*** Block opens ***
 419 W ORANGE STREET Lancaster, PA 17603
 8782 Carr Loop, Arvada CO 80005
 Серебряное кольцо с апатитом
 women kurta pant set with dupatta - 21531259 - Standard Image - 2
*** Block closes ***
## Task item
Please return the whole listing, line for line, exactly.

## Task answer
 419 W ORANGE STREET Lancaster, PA 17603
 8782 Carr Loop, Arvada CO 80005
 Серебряное кольцо с апатитом
 women kurta pant set with dupatta - 21531259 - Standard Image - 2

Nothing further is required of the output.